--- START ---

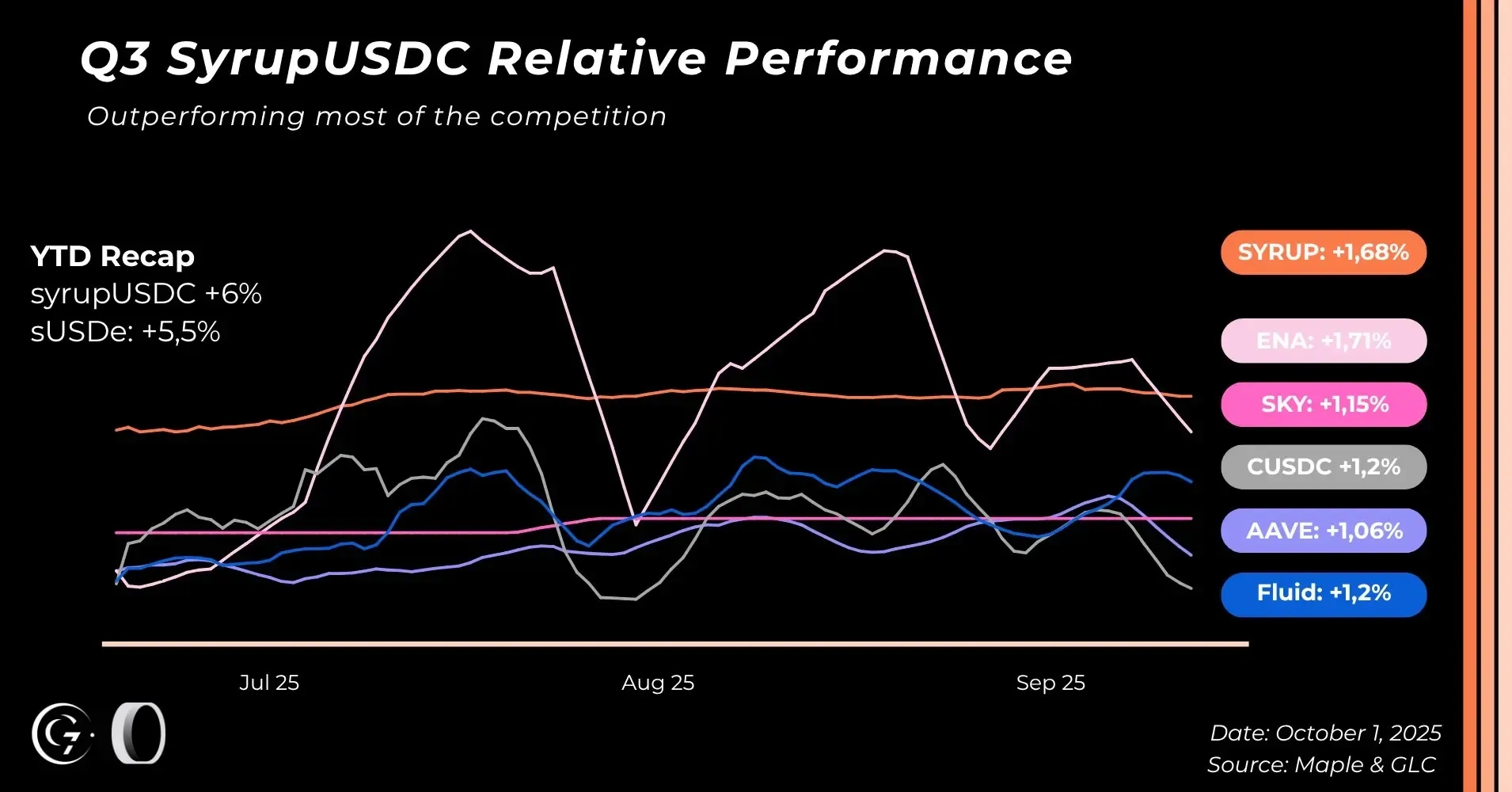 7-maple-relative-perf-yield-q3-25.webp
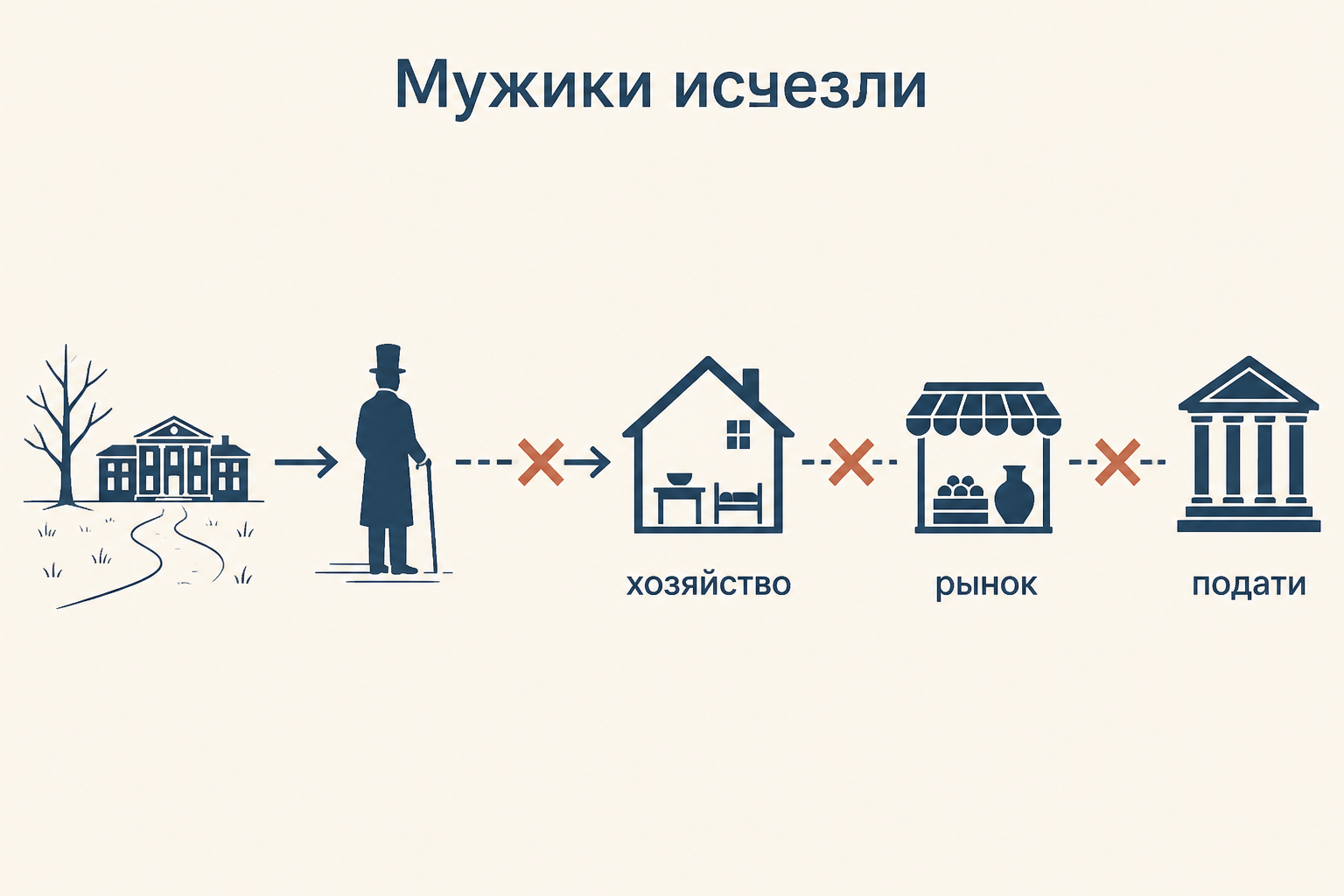 Сюжетный эксперимент сказки: помещик избавляется от мужиков и теряет опору привычной жизни
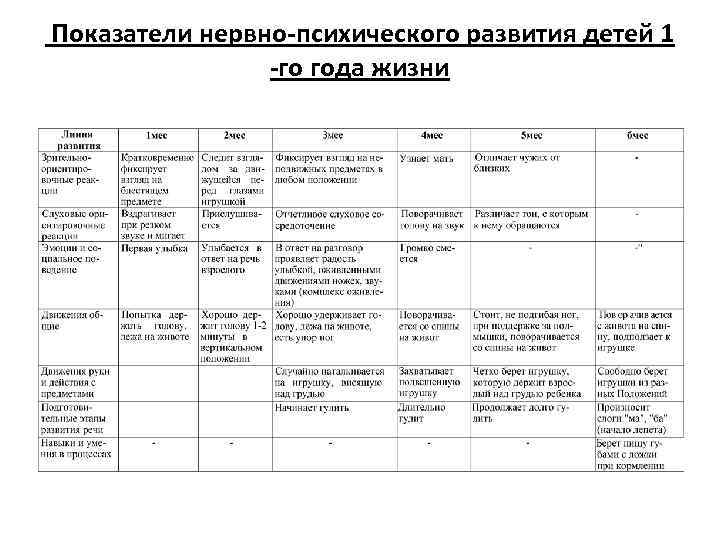 Нервно психическое развитие. Показатели нервно-психического развития ребенка таблица. Показатели нервно-психического развития ребенка в 1 год. Показатели нервно-психического развития детей первого года жизни. Таблица нервно психического развития детей до года.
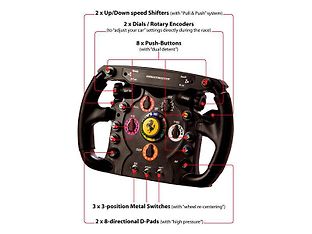 Thrustmaster Ferrari F1 Wheel Add-On -rattiosa T-sarjan rateille, kuva 4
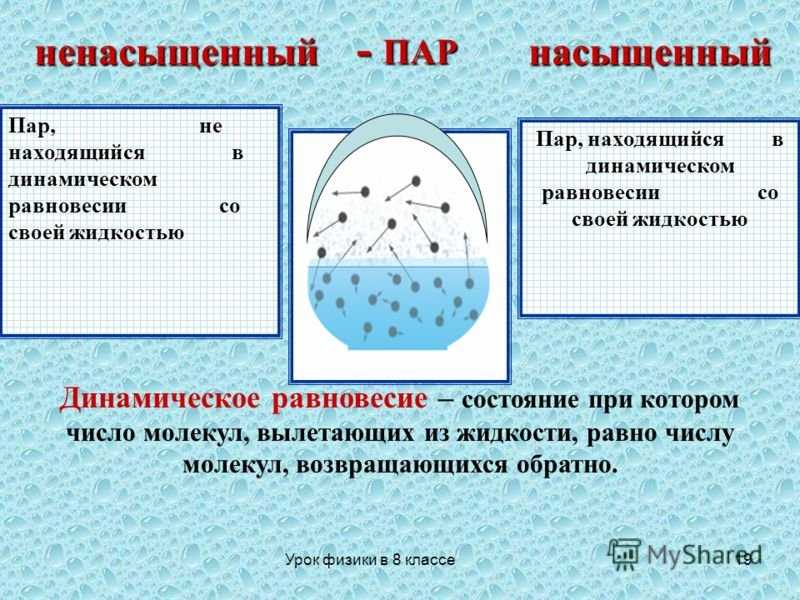 Учебники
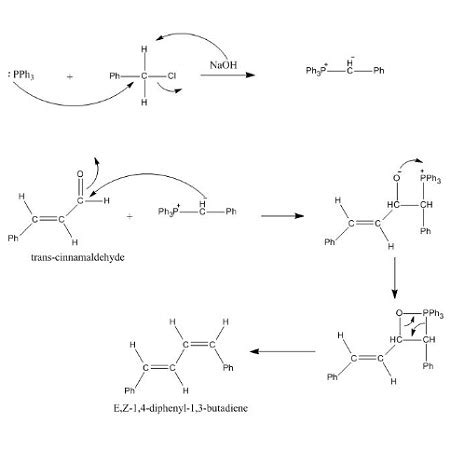 Show the arrow pushing mechanism for the Wittig reaction of trans-cinnamaldehyde with NaOH to ...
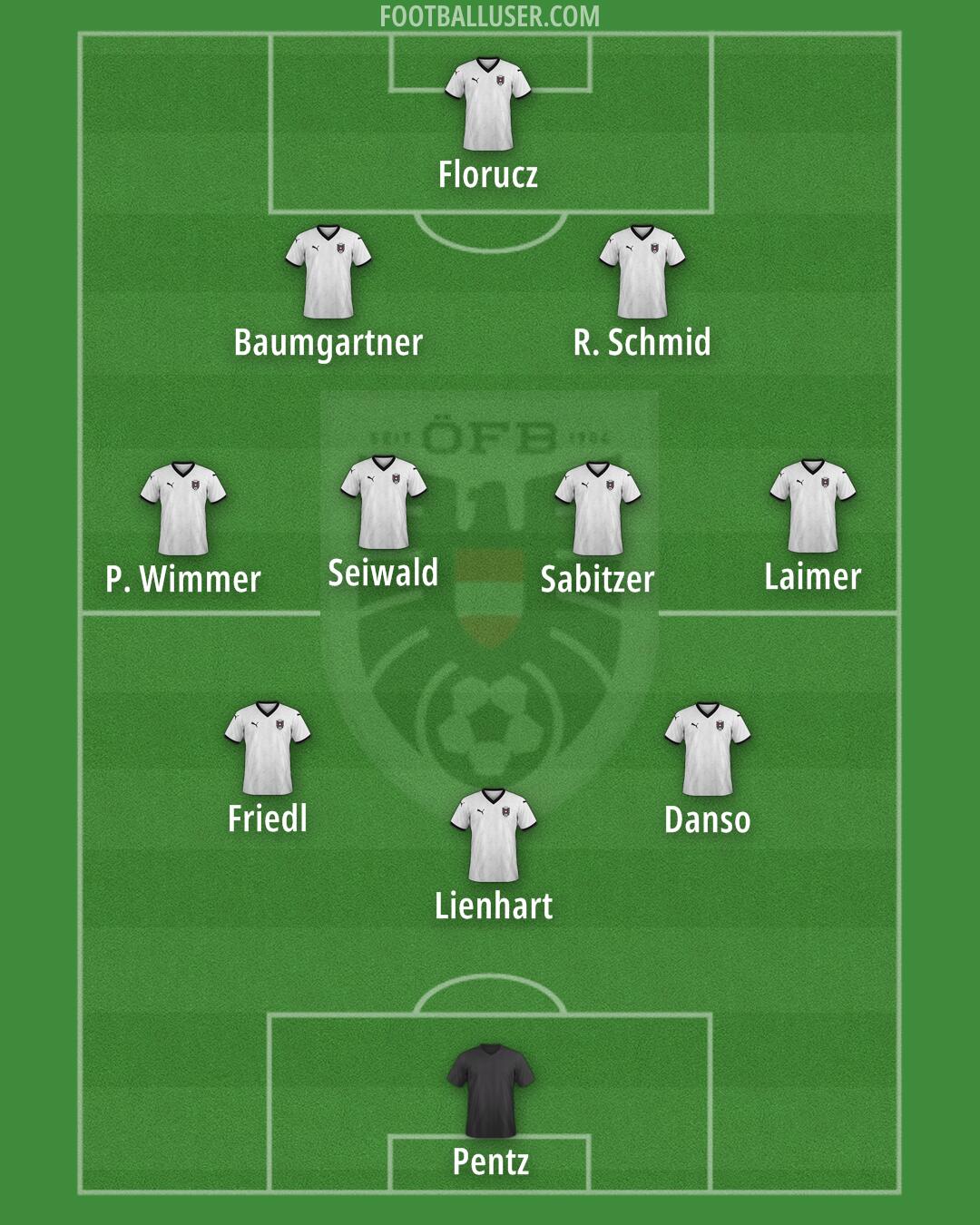 Austria Formation 2025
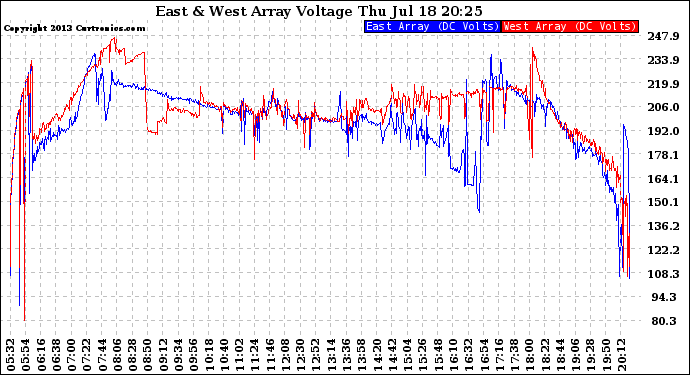 Solar PV/Inverter Performance Photovoltaic Panel Voltage Output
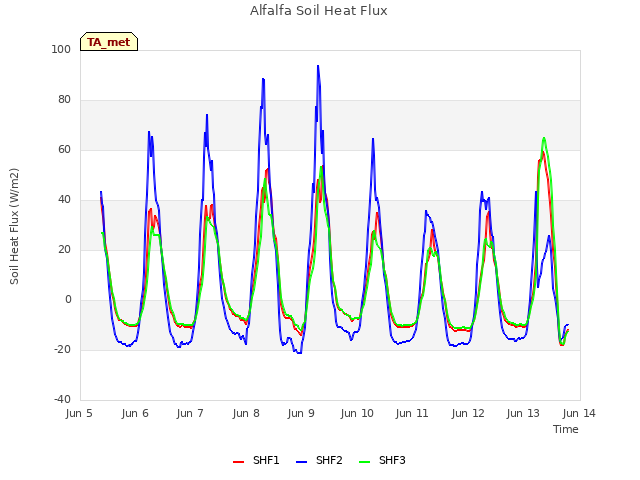 plot of Alfalfa Soil Heat Flux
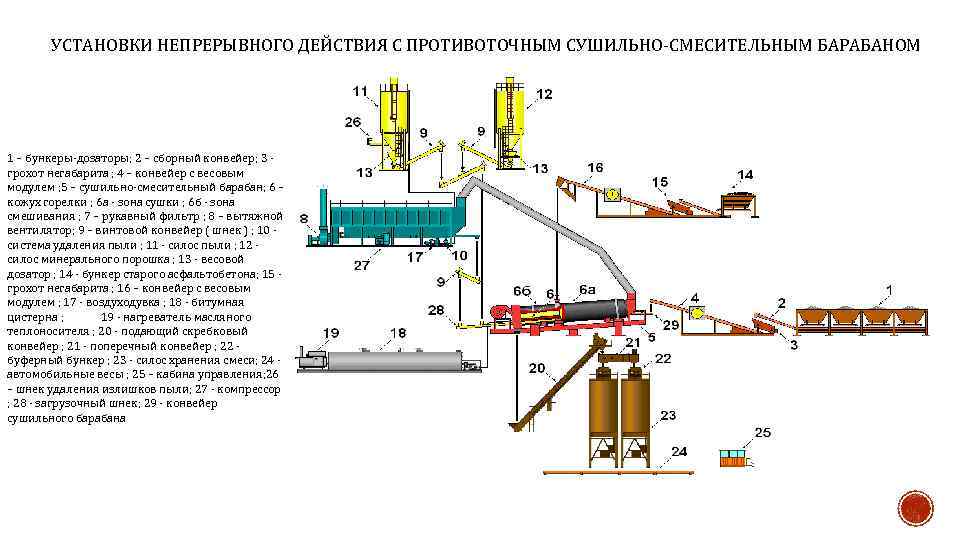 УСТАНОВКИ НЕПРЕРЫВНОГО ДЕЙСТВИЯ С ПРОТИВОТОЧНЫМ СУШИЛЬНО-СМЕСИТЕЛЬНЫМ БАРАБАНОМ 1 – бункеры-дозаторы; 2 – сборный конвейер;
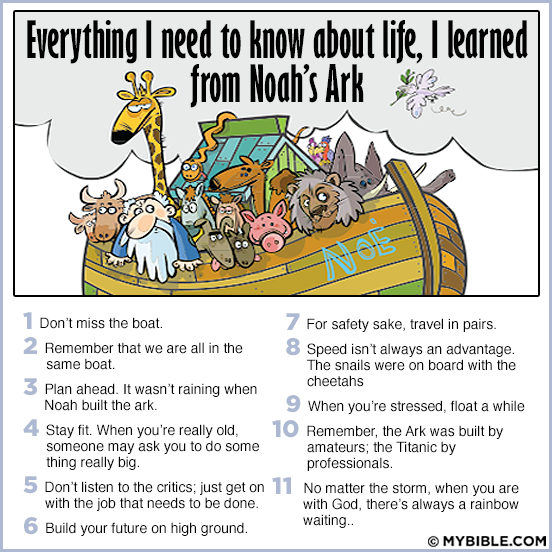 Noah's Ark Lessons.png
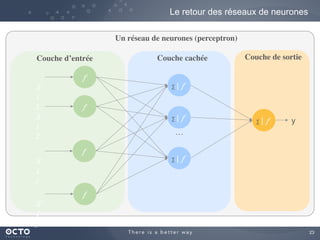 23
​
𝑤
↓
1 
​
𝑤
↓
2 
​
𝑤
↓
𝑃 
Le retour des réseaux de neurones
​
𝑋
↓
1 
​
𝑋
↓
2 ​
𝑋
↓
𝑝 
…
Un neurone
Un réseau de neurones (perceptron)
Couche cachée Couche de sortieCouche d’entrée
y∑ |   𝑓
∑ |   𝑓
∑ |   𝑓
∑ |   𝑓
…
𝑓
𝑓
𝑓
𝑓
​
𝑋
↓
1 ​
𝑋
↓
2 
​
𝑋
↓
𝑝 
​
𝑋
↓
𝑗 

--- END ---

**Task instructions:** Working from the entries above, filter out every line that lacks "neurones" and copy what remains.

**Your solution:**
Le retour des réseaux de neurones
Un réseau de neurones (perceptron)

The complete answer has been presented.